Exhibits bid a big welcome

Otago Museum Maori advisory committee chairman Matapura Ellison welcomes a touring Ngai Tahu...
Otago Museum Maori advisory committee chairman Matapura Ellison welcomes a touring Ngai Tahu exhibition, as youngster Kura Matakitaki-Stevens (17 months) explores the museum gallery. Photo by Jane Dawber.
Mo Tatou, the biggest Maori touring exhibition to visit the Otago Museum for more than 20 years, received a stirring welcome yesterday.

Blessings were given and waiata (songs) sung as about 60 people, including Maori kaumatua (elders) from Otago and Southland, greeted the 110 touring exhibits, in the Ngai Tahu cultural display.

This is the biggest Maori touring show to be hosted at the museum since Te Maori, which ran there for several months in late 1986 and early 1987, having earlier been seen by 620,000 people in the United States, and then by 920,000 people in New Zealand.

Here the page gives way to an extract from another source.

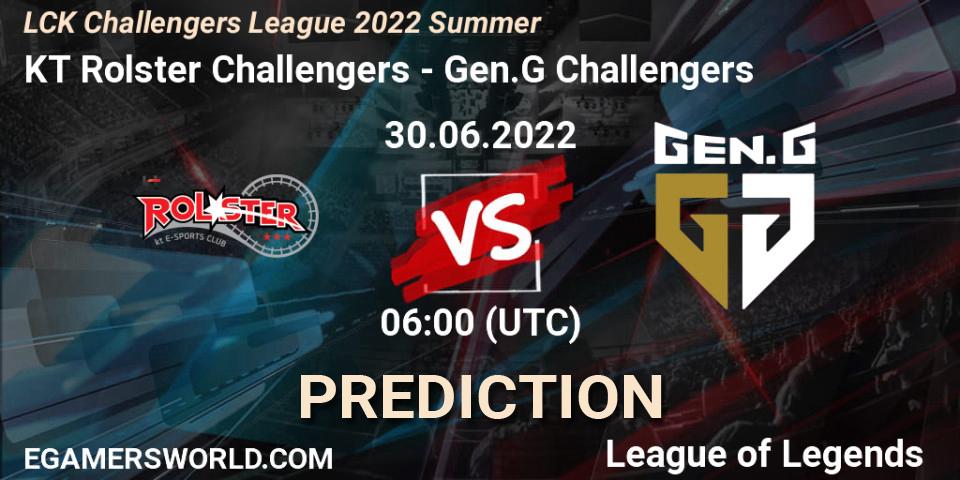 Prognose für das Spiel KT Rolster Challengers VS Gen.G Challengers. 30.06.2022 at 06:00. LoL - LCK Challengers League 2022 Summer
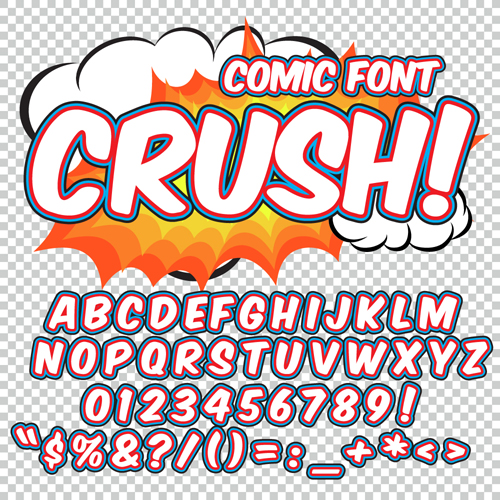 Comic styles alphabet with numbers and symbol vector set 15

Before the 4pm welcome ceremony, the Mo Tatou taonga (treasures) had just arrived by truck from the Southland Museum and Art Gallery, where they had been displayed.

The show's name, Mo Tatou (For Us), is derived from tribal saying: "For us and our children after us".

The exhibition had initially appeared at Te Papa, and then was displayed at Canterbury Museum before moving to Invercargill.

Otago Museum Maori advisory committee chairman Matapura Ellison said that although most of the exhibition taonga still remained in their crates yesterday, he could already feel their ihi (energy).

"I just feel absolutely in awe of what I know is here," he said.

The free show will be open to the public from Saturday, December 4 until April 3 next year.

Mr Ellison is keen for as many Otago people as possible to see the exhibition, which, he says, is also helping bring all of Ngai Tahu's southern sub-tribal groupings together.

A further 20 artefacts from the museum's own collection will be displayed with the show.

Developed by Te Papa and the Ngai Tahu Iwi Steering Group, Mo Tatou is toured by Te Papa, and invites visitors to learn about Ngai Tahu's vision, including through, photographs, audio-visual displays and art.